L’adoption du texte constitutionnel par des parlementaires, qui font passer leurs intérêts privés avant ceux du peuple, corrobore, si besoin est, la thèse du déficit démocratique en Algérie. En effet, bien que les partisans du régime et sa clientèle affirment à longueur de journée que l’élaboration du la loi fondamentale a été mûrie pendant presque cinq ans, il n’en reste pas moins que l’inexistence de contre-pouvoirs exclut de fait le peuple algérien. Une tradition qui se perpétue depuis 1962.

De façon générale, le contrôle de tous les leviers de l’État par le régime inamovible ne peut conduire qu’à l’exclusion de ceux qui ne partagent pas sa conception du pouvoir. Résultat des courses : la confiance entre les gouvernés et les gouvernants est rompue depuis belle lurette. D’ailleurs, les discours développés par les uns et les autres divergent. Si pour le régime il n’existe aucune crise, il n’en est pas de même des citoyens qui subissent ses effets.

Et quand des partisans du régime admettent quelquefois des difficultés, ils rebondissent aussitôt en exhortant les Algériens à faire confiance au chef de l’État. Une façon de reprocher aux Algériens leur impatience. Pour eux, le régime que compte instaurer le chef de l’État nécessite du temps. En aucun cas, ils ne soutiennent que les institutions justes doivent être le fruit de l’adhésion populaire au projet républicain.

Or, dans l’état actuel des choses, malgré les moyens déployés par le régime, le débat consensuel reste au stade chimérique. En fait, entre un régime qui clame avoir respecté toutes les volontés et les opposants qui l’attaquent sur ses méthodes peu démocratiques, le gouffre –et c’est le moins que l’on puisse dire –est abyssal.

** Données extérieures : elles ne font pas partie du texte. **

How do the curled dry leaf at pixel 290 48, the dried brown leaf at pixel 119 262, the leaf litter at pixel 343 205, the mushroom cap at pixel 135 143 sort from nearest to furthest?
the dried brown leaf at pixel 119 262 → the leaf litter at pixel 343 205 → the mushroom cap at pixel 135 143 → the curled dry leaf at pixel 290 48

Alors qu’il n’existe qu’une réalité démocratique, les tenants du pouvoir inventent la démocratie spécifique, comme ils ont inventé par le passé le socialisme spécifique à l’Algérie.

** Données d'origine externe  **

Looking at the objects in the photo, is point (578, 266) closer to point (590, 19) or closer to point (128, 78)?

Pour autant, est-ce que la partie est perdue ? Si on croit au destin national, l’espoir n’est pas mort, pour reprendre l’expression de feu Hocine Ait Ahmed (allah irahmou). Pour cela, il n’existe qu’un moyen de lutte : le combat pacifique. Après avoir dormi sur leurs lauriers, les Algériens doivent se sentir concernés par la crise.

De toute façon, l’Algérie ne peut pas se permettre de rester dans l’expectative. Comme le soutient Abed Charef, dans son texte « quel prix payer pour sortir de la crise », deux scénarios sont possibles : une solution pacifique, consensuelle et inclusive ou le risque des affrontements violents. Il faut souhaiter que la seconde alternative ne soit pas le recours. Car, elle pénaliserait davantage le pays.

Mais, pire que la crise sous toutes ses formes, l’absence de débat et le refus de chaque camp de faire un pas vers l’autre ont des effets plus néfastes que la crise elle-même. À vrai dire, la crise sera résolue quand les Algériens, toutes catégories confondues, se donneront les moyens de la transcender.

Pour conclure, il va de soi que le cadre institutionnel actuel –bien qu’il soit par ailleurs porteur d’infimes avancées –verrouille la vie politique du pays. D’ailleurs, comment peut-on croire les promesses des dirigeants quand on sait que leurs intérêts se confondent avec ceux du pays ? Selon Mokrane Ait Larbi, « la liberté de réunion –même dans les salles –et de manifestation pacifique sur la voie publique ne peut s’exercer sans l’autorisation du wali. Même un parti politique agréé ne peut réunir ses cadres en dehors de son siège qu’avec une autorisation. »

Mais, là où le bât blesse, c’est que les personnes qui donnent ces autorisations ont pour seule vocation de garantir la pérennité du régime. Et c’est dans ce sens-là que l’État civil que nous promet le chef de l’État ne peut participer à l’instauration de la démocratie apaisée que lorsque les intérêts de groupes se dissocient de ceux du pays.